# [Aim of the exercise]
Transcribe the listing exactly as written. Leave the images out.

# [Raw data]
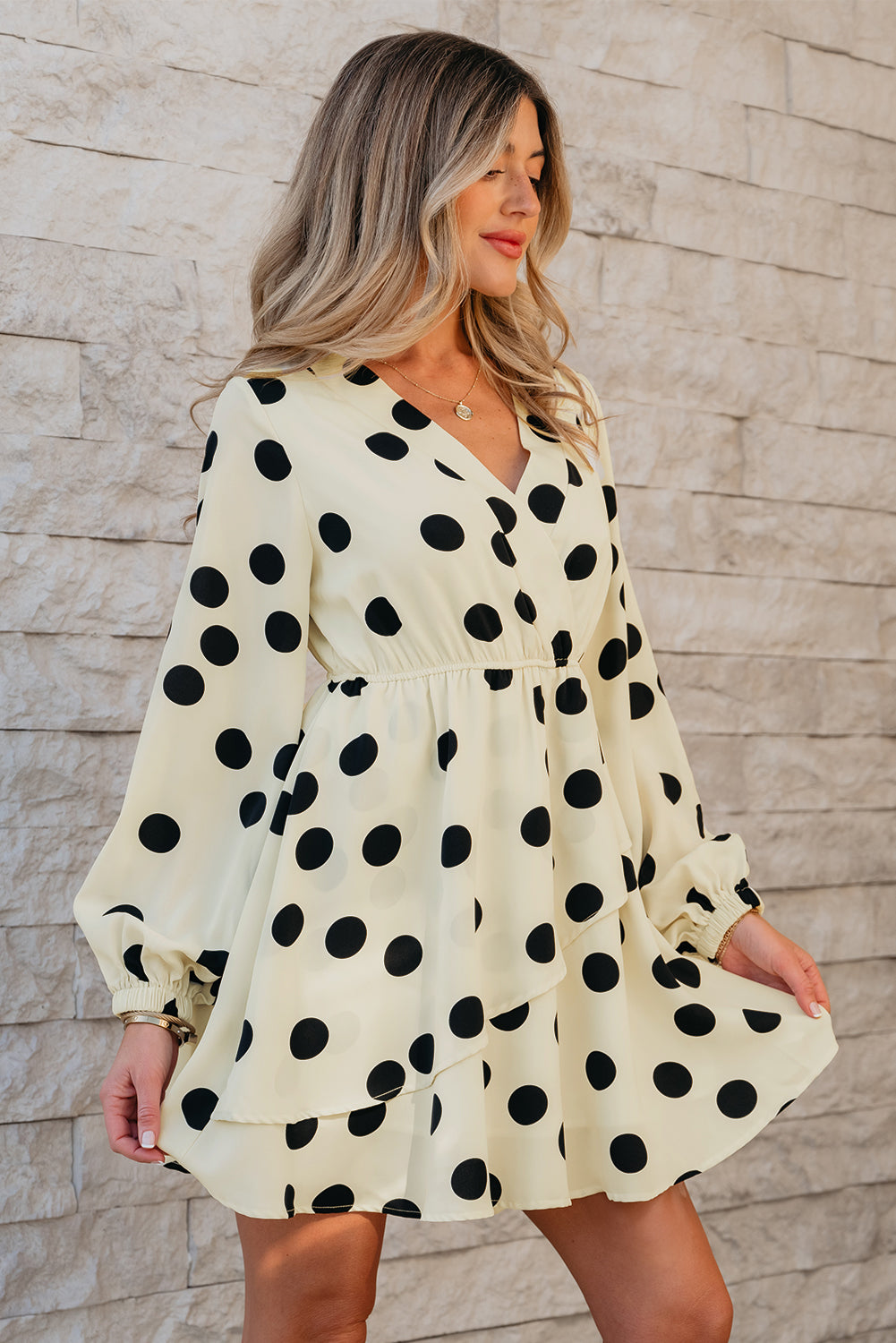 Mini-robe à pois, col en V, manches bouffantes et surplis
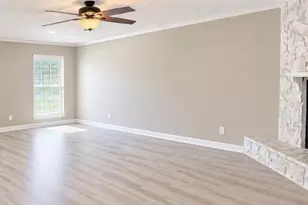 5717 Trevino St, Hope Mills, NC 28348 - Photo 5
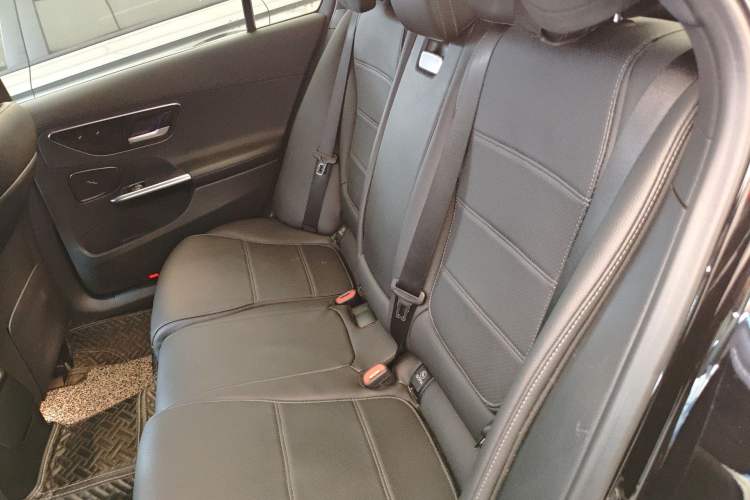 Used Mercedes-Benz C-Class 2023 Facelift C 260 L Left Rear Seat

# [Reply]
 Mini-robe à pois, col en V, manches bouffantes et surplis
 5717 Trevino St, Hope Mills, NC 28348 - Photo 5
 Used Mercedes-Benz C-Class 2023 Facelift C 260 L Left Rear Seat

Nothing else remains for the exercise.